* What you need to do
In the data below, restate exactly the lines from the one with "Convite Rustic Burlap" to the final line, both included, but not the pictures.

Image-text web data
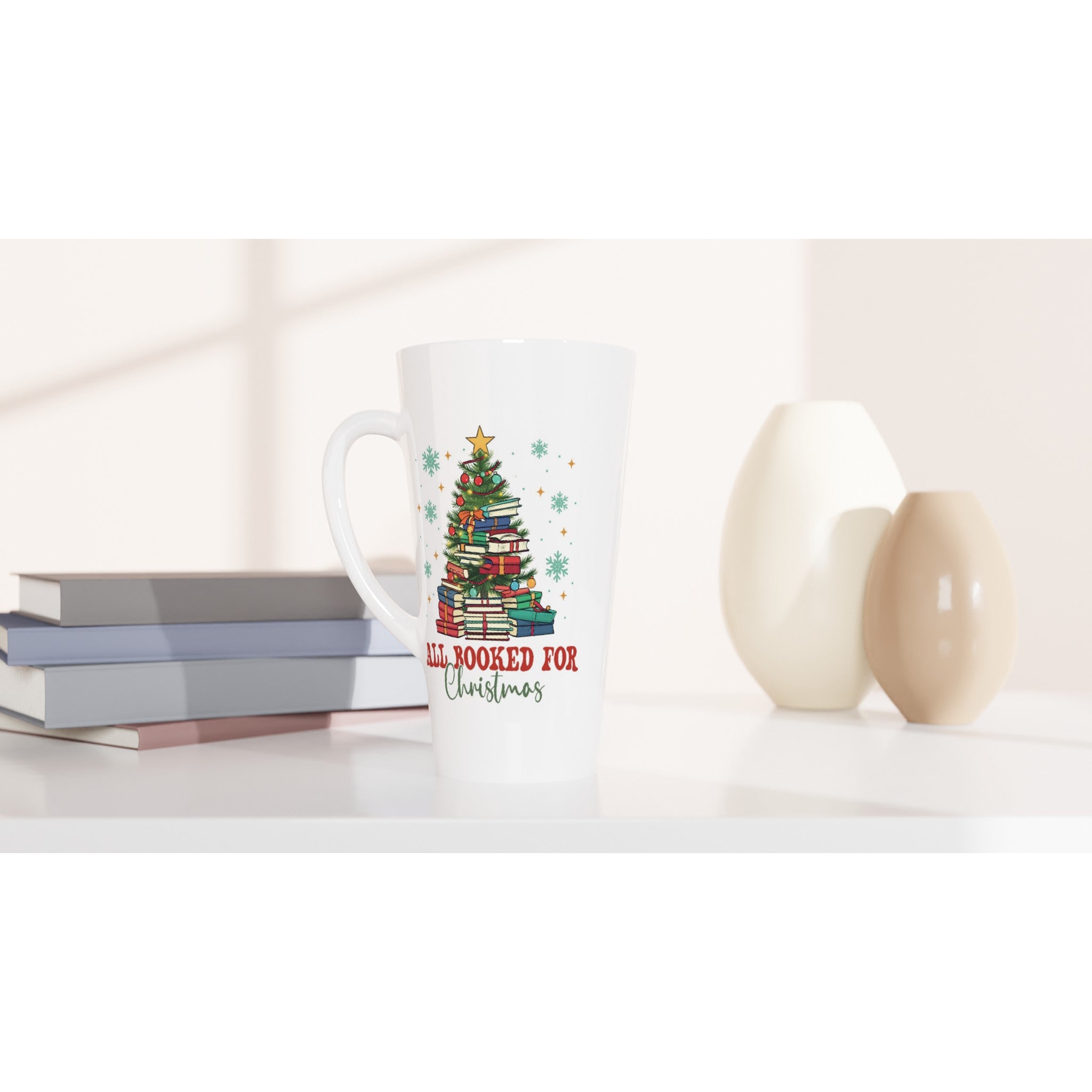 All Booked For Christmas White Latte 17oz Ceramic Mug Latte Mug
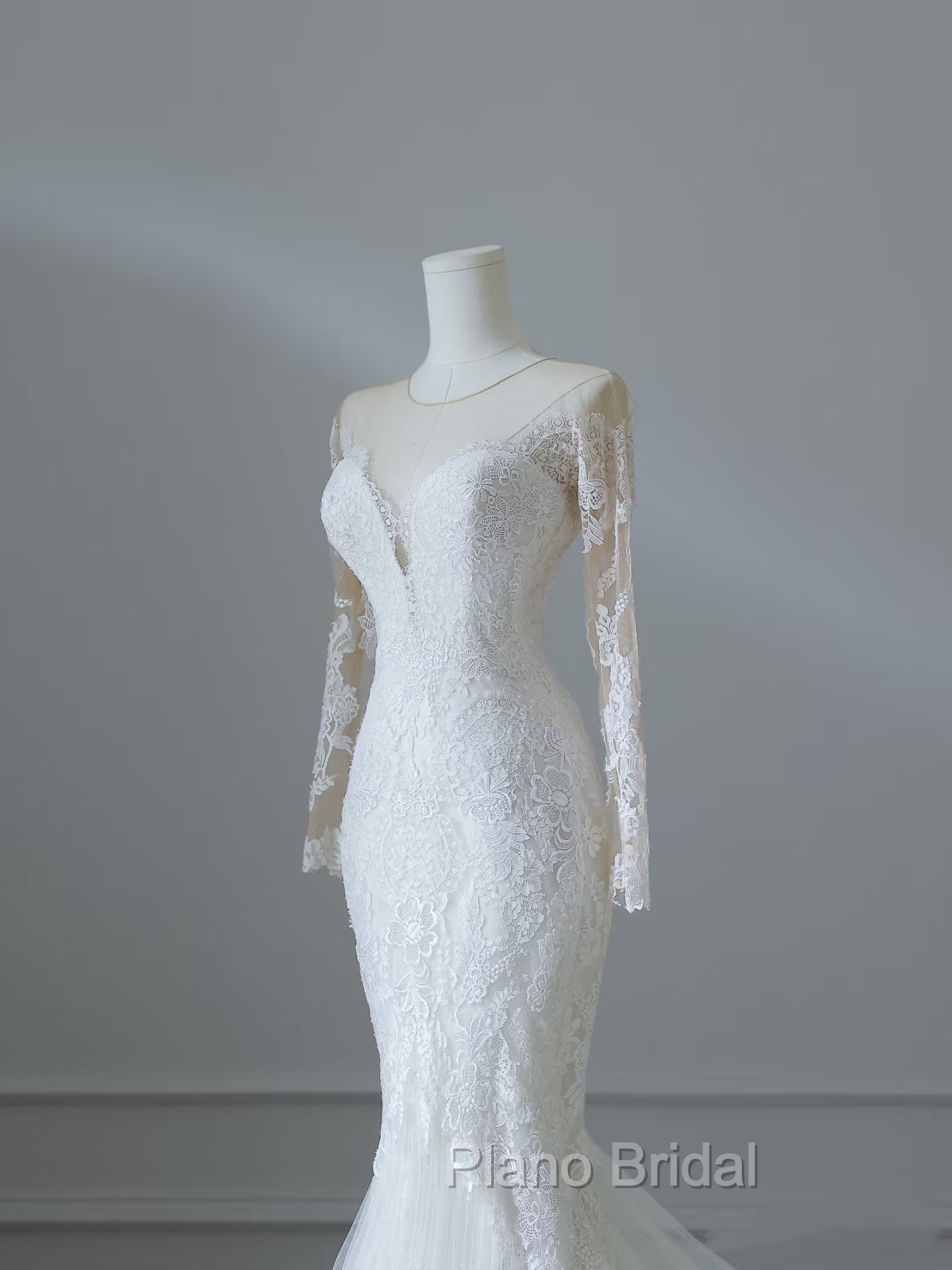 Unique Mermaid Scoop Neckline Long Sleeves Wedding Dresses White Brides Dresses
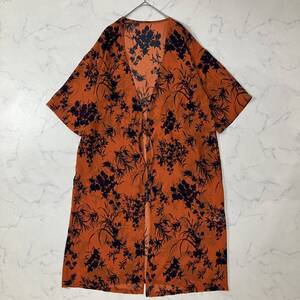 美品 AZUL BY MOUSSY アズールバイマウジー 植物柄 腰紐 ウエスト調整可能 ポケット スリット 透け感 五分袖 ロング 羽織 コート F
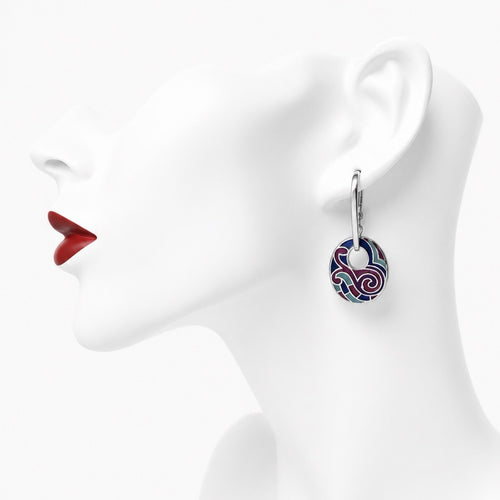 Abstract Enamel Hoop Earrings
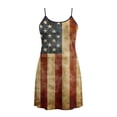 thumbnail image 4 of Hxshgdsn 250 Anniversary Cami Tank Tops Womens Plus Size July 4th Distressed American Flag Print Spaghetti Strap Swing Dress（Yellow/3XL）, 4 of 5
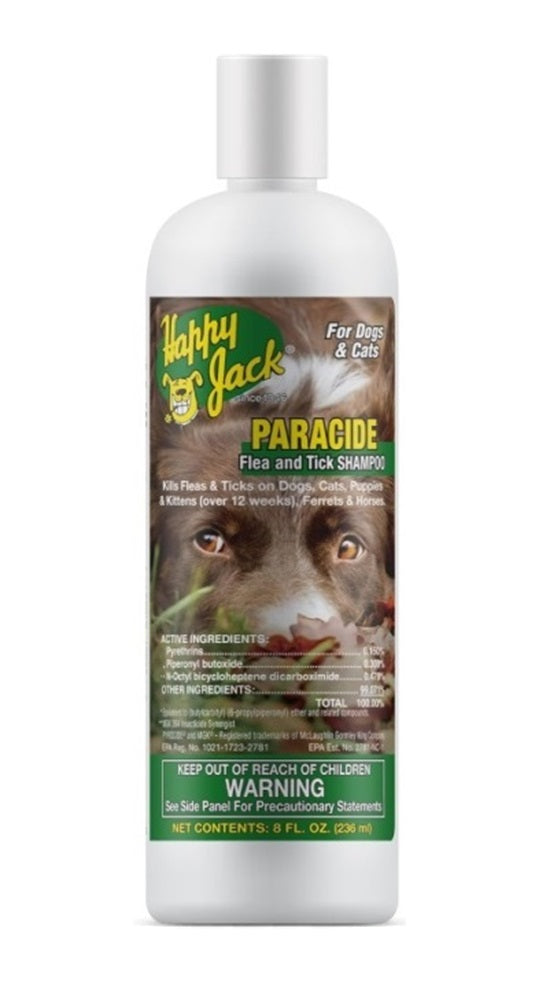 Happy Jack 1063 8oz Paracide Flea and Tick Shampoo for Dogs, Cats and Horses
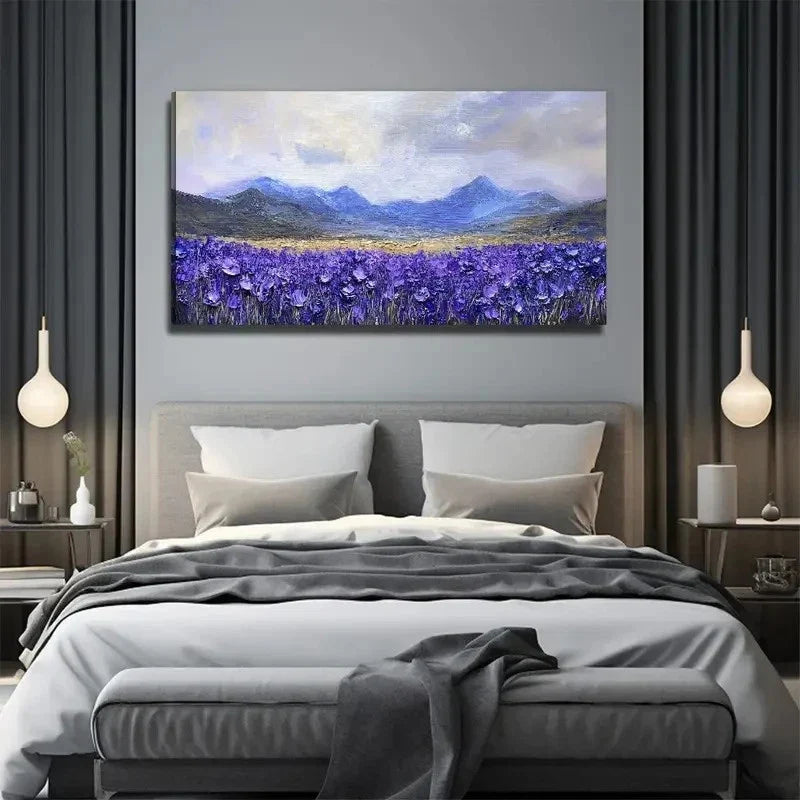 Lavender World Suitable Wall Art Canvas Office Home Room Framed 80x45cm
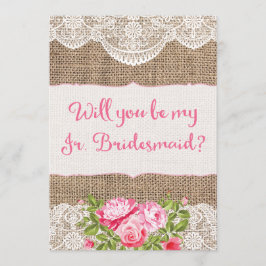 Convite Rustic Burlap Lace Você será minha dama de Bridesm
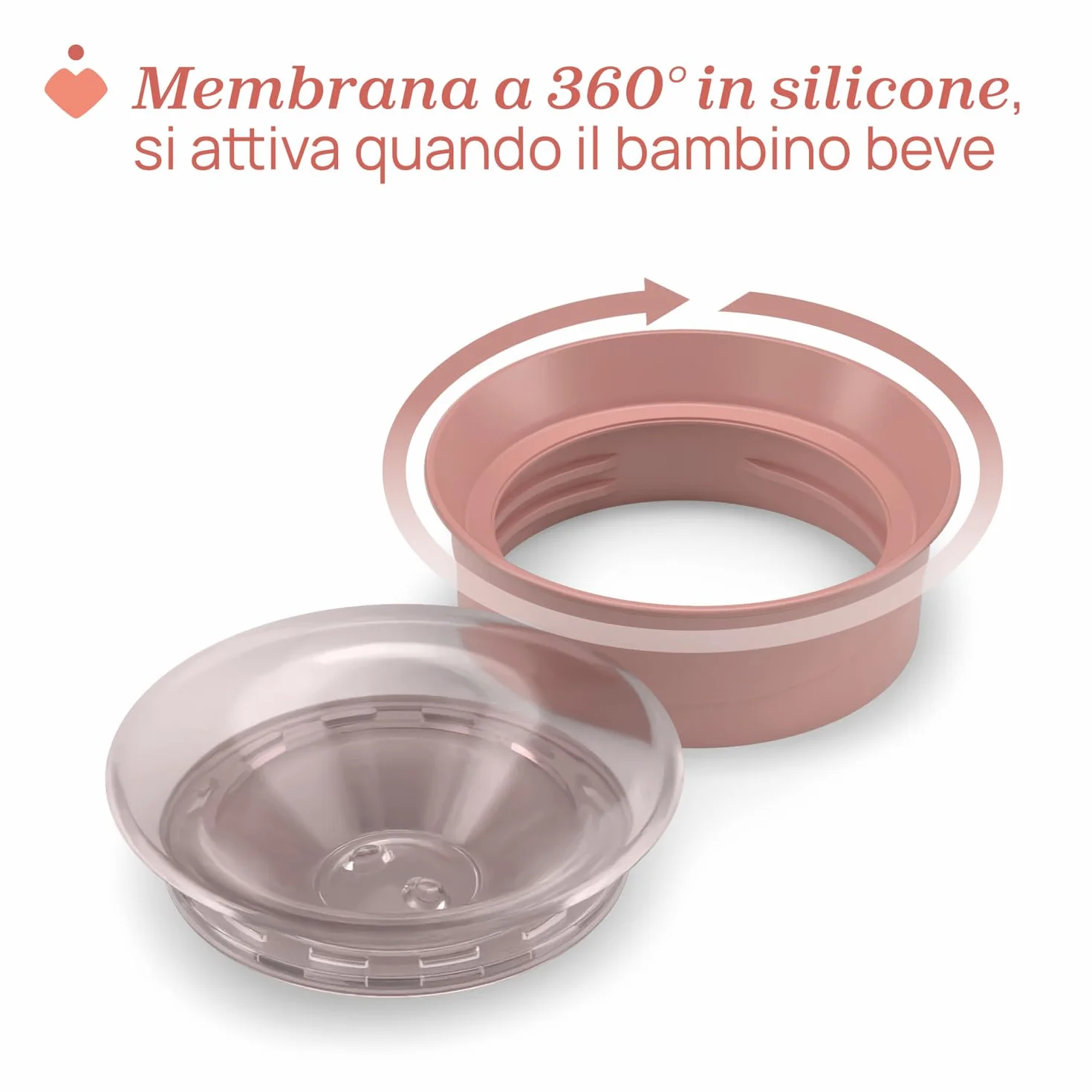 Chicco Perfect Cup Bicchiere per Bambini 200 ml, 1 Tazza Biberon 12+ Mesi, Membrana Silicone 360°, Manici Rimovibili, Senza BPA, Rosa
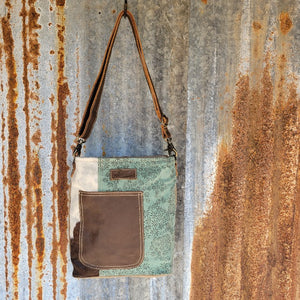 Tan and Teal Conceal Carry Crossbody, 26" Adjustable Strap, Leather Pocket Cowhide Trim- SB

* Response box
 Convite Rustic Burlap Lace Você será minha dama de Bridesm
 Chicco Perfect Cup Bicchiere per Bambini 200 ml, 1 Tazza Biberon 12+ Mesi, Membrana Silicone 360°, Manici Rimovibili, Senza BPA, Rosa
 Tan and Teal Conceal Carry Crossbody, 26" Adjustable Strap, Leather Pocket Cowhide Trim- SB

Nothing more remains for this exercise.